# Explain Grade, American and Purebred Please



## Ping (Jan 21, 2010)

I am new to the whole registration thing. I have a registered grade nubian doe. Can she or her offspring ever be registered as anything else? Also, could someone give a clear explanation of how each (grade, American, purebred) is classified; what the criteria is? Thanks so much!


----------



## Bernice (Apr 2, 2009)

Eventually after breeding a grade doe to a certain breed buck (non grade) you can register them as American. There are upgrade scales to determine how many generations of offspring it will take. And this varies between dairy and meat goat breeds. 
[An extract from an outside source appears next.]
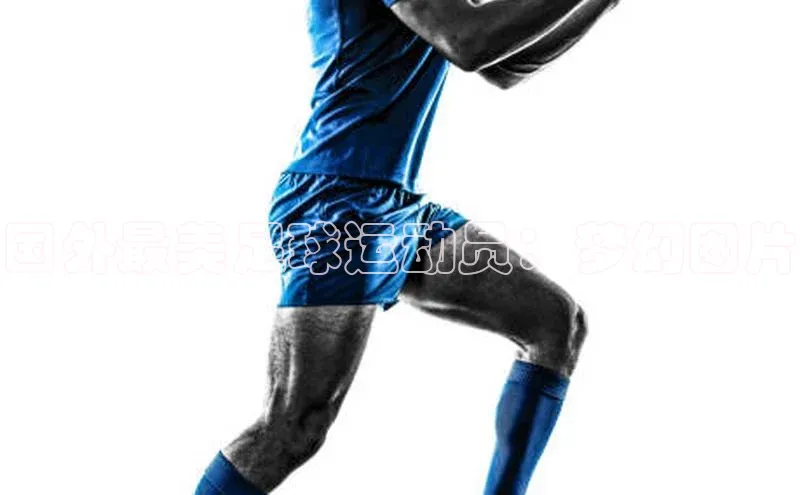 欧亿体育app首页百度识图国外最美足球运动员：梦幻图片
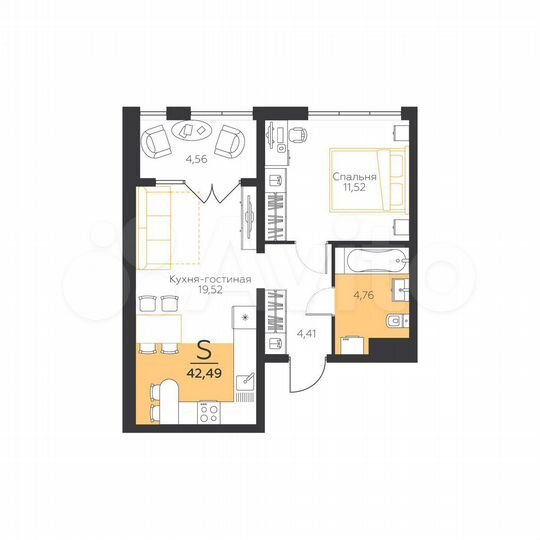 1-к. квартира, 42,5 м², 2/5 эт.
American means that the goat has met the criteria for meeting the standards of the breed after "X" amount of generations. Pure means that the goat has never been bred to American, just strictly pure lines. Hope this helps.


----------



## billinohio (Jun 24, 2009)

It sounds like what you have may be a "Recorded Grade,".......or it may be a 50% or 75% grade. If the offspring are continually bred to either an American or Purebred Nubian, then after a certain number of generations, the offspring can be registered as American. The future generatoins from that animal can never be registered as purebred. A purebred means that every line of the pedigree traces back to a purebred Nubian.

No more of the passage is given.